◆ **ASSIGNMENT**: Go to the line containing "chà đạp nàng" in the records below and print it and every following line exactly, on through the line containing "ブランデー仕立ての梅酒 1", then stop.

◆ **EXERCISE INPUTS**:
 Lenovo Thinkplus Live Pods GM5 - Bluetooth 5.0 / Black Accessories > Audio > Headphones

==

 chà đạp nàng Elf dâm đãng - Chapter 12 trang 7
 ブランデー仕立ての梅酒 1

◆ **RESPONSE TO THE EXERCISE**:
 chà đạp nàng Elf dâm đãng - Chapter 12 trang 7
 ブランデー仕立ての梅酒 1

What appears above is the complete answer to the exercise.